§ Goal of the exercise:
Your output should match the listing below word for word, without any images.

§ Information supplied:
◆ ◆ ◆ ◆

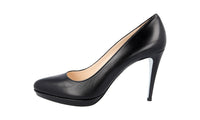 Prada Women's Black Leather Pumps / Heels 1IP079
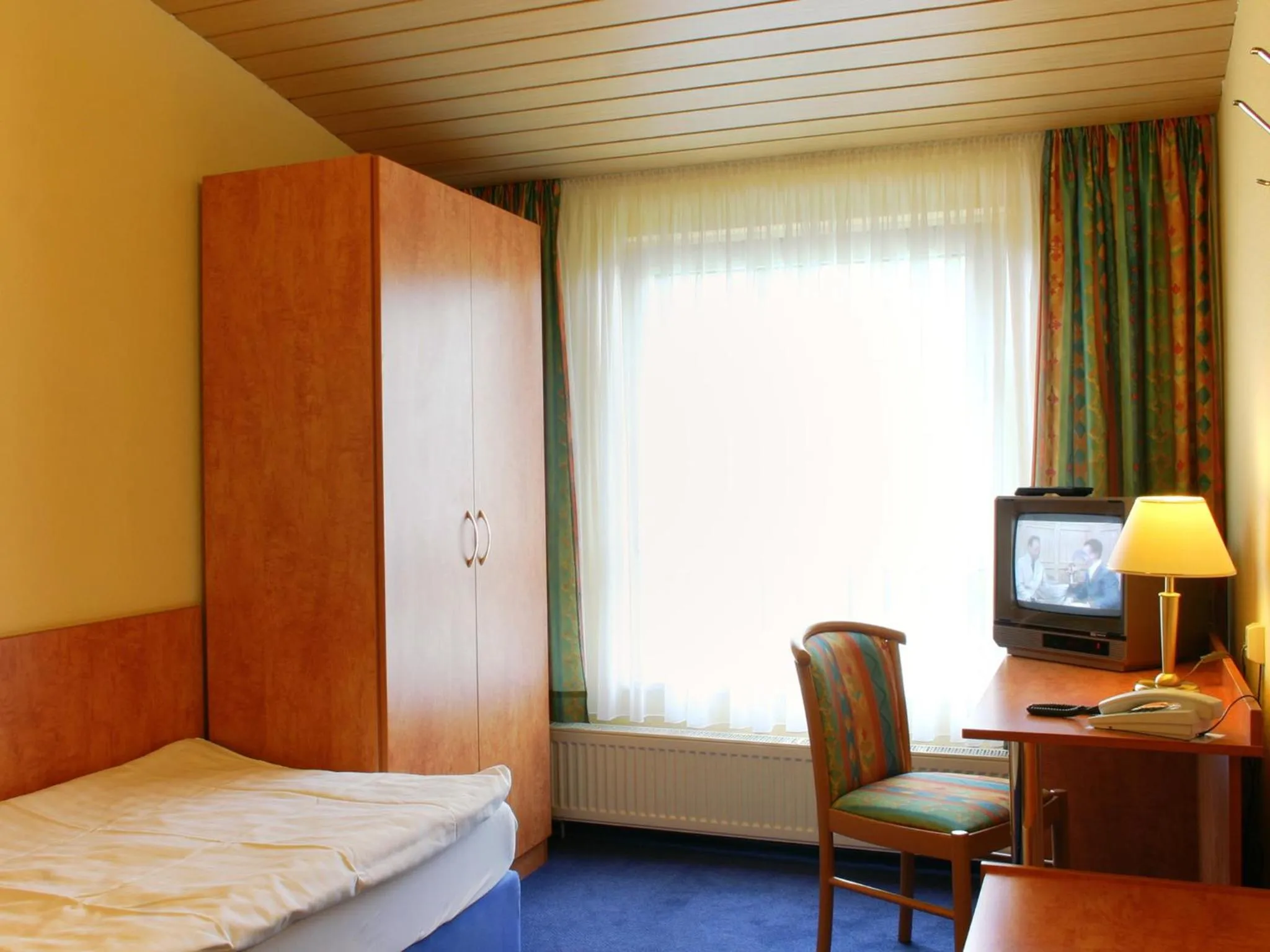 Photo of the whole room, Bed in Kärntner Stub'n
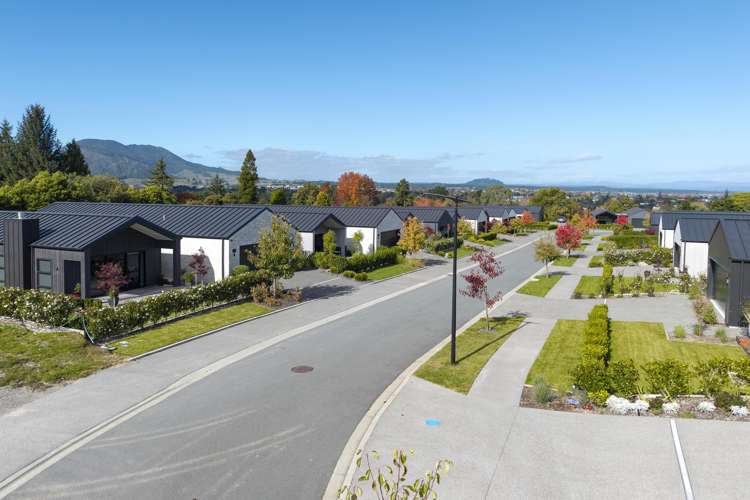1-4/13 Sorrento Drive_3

◆ ◆ ◆ ◆

§ Reply to the exercise:
 Prada Women's Black Leather Pumps / Heels 1IP079
 Photo of the whole room, Bed in Kärntner Stub'n
1-4/13 Sorrento Drive_3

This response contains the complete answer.